ProtoTypo PT5 – BUD666
While working on my ProtoTypo PT3 build I came to realize that actually just about any piece of Behringer audio gear would likely make a pretty neat candidate for hacking. I suppose that Behringer brands mostly as sort of entry-level hardware for the budget conscious. That is, anyone looking to get into audio production will often choose the least expensive entry point and grow up from there.
This reflects on Behringer resale value too, as people looking to “step up” want to off-load their (older generation) hardware to a market that’s constantly flooded by Behringer with the next generation gear (often carrying similar price tag with older gen). Why this is great for hacking is, it puts a ton of ‘source materials’ up for grabs at a very low price. Hacking a second-hand Behringer, say, to even see if it works usually doesn’t set you back much.. Even if you end up destroying the device in the process. Just remember to sort & recycle proper!

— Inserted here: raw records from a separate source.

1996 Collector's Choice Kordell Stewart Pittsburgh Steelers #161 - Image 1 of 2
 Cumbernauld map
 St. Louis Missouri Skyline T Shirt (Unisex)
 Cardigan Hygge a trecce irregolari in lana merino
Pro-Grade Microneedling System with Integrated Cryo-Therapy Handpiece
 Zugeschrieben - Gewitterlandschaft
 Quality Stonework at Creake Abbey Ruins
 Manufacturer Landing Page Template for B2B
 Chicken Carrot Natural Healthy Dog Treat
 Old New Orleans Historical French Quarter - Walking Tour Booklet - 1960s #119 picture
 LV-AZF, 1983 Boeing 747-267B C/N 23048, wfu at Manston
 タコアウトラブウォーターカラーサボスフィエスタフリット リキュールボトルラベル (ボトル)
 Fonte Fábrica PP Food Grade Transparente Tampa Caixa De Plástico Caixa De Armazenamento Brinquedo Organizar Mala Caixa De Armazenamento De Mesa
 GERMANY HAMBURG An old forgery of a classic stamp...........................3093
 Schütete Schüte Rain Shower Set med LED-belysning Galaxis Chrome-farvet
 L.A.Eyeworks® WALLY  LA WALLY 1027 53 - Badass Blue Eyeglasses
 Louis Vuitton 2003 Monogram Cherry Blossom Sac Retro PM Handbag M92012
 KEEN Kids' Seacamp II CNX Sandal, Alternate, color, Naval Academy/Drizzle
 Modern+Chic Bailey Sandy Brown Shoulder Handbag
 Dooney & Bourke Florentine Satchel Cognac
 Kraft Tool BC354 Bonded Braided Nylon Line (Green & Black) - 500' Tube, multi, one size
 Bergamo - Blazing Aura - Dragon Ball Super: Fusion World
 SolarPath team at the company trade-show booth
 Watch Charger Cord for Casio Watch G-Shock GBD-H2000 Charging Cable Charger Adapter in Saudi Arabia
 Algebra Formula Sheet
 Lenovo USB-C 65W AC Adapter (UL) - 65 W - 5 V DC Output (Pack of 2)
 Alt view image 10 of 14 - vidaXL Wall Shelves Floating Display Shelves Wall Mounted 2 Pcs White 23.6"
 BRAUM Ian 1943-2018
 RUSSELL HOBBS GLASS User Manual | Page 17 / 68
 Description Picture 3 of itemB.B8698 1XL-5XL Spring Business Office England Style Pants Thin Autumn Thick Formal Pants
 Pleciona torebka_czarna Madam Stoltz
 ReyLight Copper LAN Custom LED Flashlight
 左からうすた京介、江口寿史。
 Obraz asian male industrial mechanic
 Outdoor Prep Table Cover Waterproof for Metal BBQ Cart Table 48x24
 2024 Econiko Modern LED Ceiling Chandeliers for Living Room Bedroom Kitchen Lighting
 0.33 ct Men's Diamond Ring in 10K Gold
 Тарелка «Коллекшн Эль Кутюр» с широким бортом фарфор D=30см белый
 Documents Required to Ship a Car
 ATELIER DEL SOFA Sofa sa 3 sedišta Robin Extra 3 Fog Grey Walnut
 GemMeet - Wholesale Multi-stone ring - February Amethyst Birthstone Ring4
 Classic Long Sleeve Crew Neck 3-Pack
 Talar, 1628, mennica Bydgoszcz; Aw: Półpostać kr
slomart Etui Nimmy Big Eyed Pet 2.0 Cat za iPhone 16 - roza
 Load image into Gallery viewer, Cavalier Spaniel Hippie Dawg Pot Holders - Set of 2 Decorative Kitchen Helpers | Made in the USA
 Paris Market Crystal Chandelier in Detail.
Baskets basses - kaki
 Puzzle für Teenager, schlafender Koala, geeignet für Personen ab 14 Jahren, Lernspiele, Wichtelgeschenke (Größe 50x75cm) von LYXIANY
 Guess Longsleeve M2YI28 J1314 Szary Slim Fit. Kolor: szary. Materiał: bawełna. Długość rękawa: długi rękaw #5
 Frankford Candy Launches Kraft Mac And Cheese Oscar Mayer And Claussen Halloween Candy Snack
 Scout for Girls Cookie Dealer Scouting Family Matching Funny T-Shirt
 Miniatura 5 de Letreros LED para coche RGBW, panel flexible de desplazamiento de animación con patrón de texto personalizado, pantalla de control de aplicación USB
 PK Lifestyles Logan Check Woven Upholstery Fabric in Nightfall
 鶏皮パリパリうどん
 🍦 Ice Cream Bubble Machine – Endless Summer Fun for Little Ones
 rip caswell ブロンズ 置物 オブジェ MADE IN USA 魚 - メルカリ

Take something like the 5€ DJ mixer (VMX100) that I hacked PT3 from: You’d be happy to get even half of new knobs for the same price (VMX100 has 13), add to that everything else like jacks, PSU etc! Looking at it from the electronics side, say, a basic opamp summing mixer is a basic opamp summing mixer regardless of whether it rolls off a Behringer or Focusrite production line. Using a basic functional block like this in a some other context then simply boils down to identifying it with the help of schematics or a some reverse-engineering.
Anyway TL;DR, I’m almost getting carried away so let’s cut to the chase!
Some months ago I spotted this second-hand Behringer HM300 guitar distortion pedal selling for 15€. I couldn’t help thinking “Well that’s a bargain, wonder if this would make a neat Eurorack module?”, and bought the pedal just to have a look. And so we end up with this build post!
I give you ProtoTypo PT5 aka BUD666 aka BUdget Distortion 666 :D
Why the 666? Well although I didn’t end up adding any extra features to the electronics, I still figured my hack has to be at least 2.22 times better than HM300!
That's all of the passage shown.